Task item:
Please reproduce the entries below exactly from the line with "Mewakili Gubernur Koster, Sekda" through their last line, leaving out any pictures.

Input material:
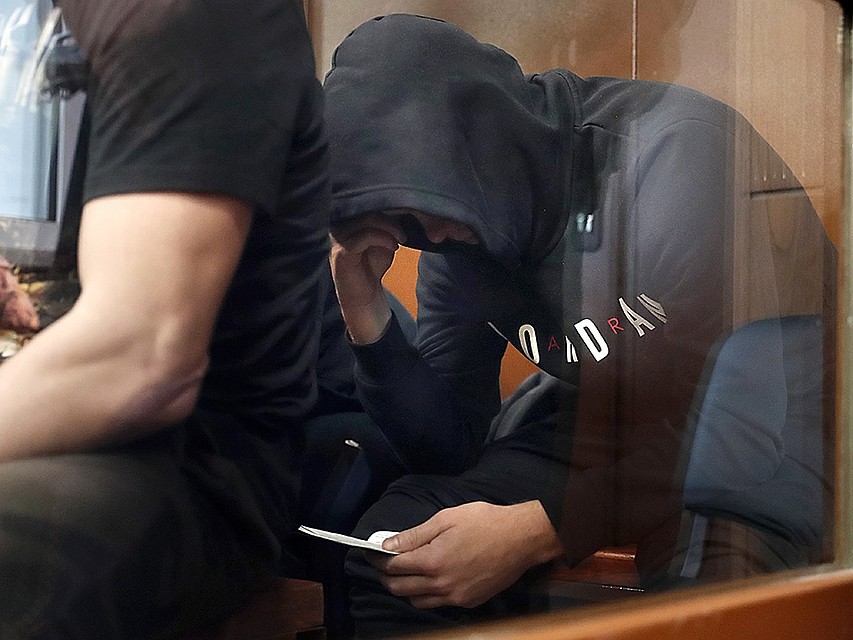 В зале суда братья Кокорины синхронно спрятались от камер и фотоаппараты на дальней скамейке клетки-«аквариума». Фото: ТАСС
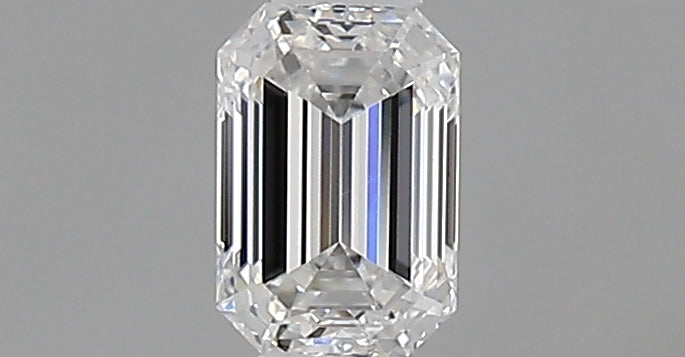 0.27 carat Emerald diamond E IF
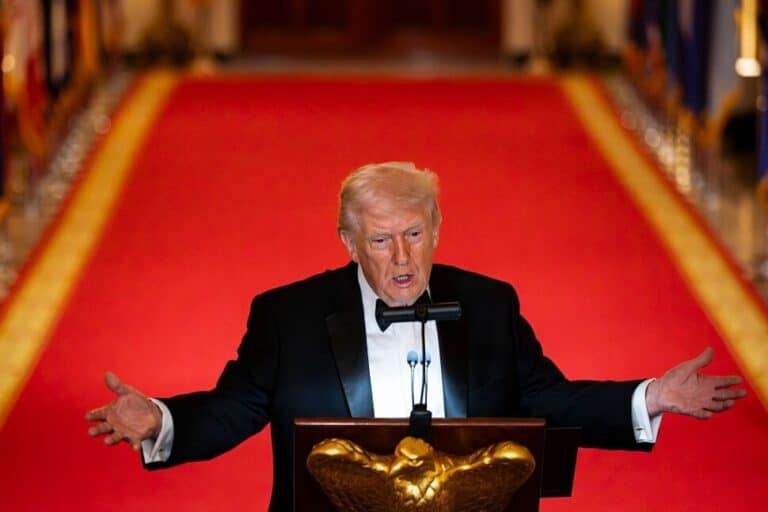 Donald Trump egy nap alatt emelte az importvámokat 10-ről 15 százalékra.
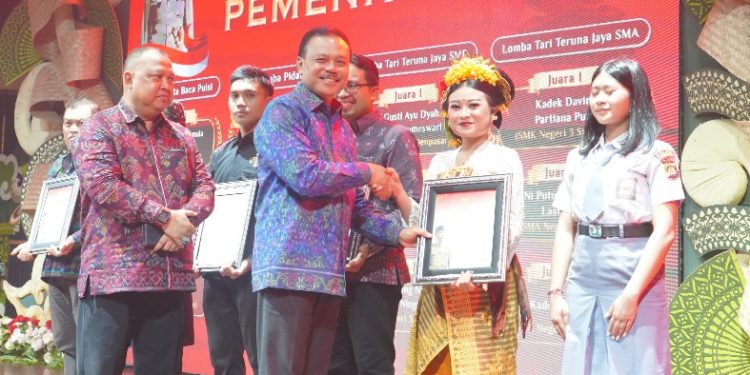 Mewakili Gubernur Koster, Sekda Bali Tutup Bulan Bung Karno VIII di Art Center Denpasar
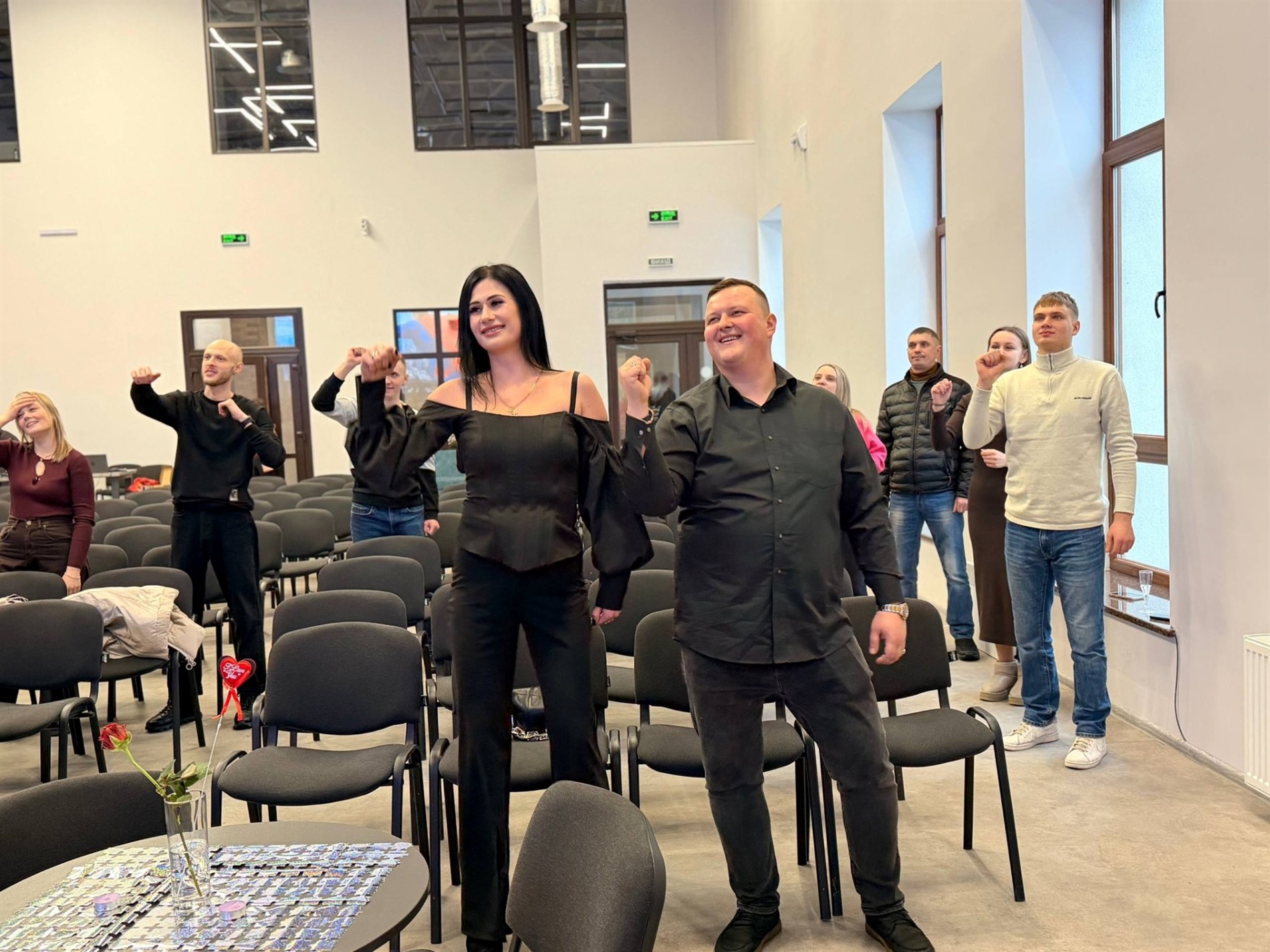 Закохані пари Звягеля змагалися за подарунки та збирали на зарядну станцію для ЗСУ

Result of the task:
 Mewakili Gubernur Koster, Sekda Bali Tutup Bulan Bung Karno VIII di Art Center Denpasar
 Закохані пари Звягеля змагалися за подарунки та збирали на зарядну станцію для ЗСУ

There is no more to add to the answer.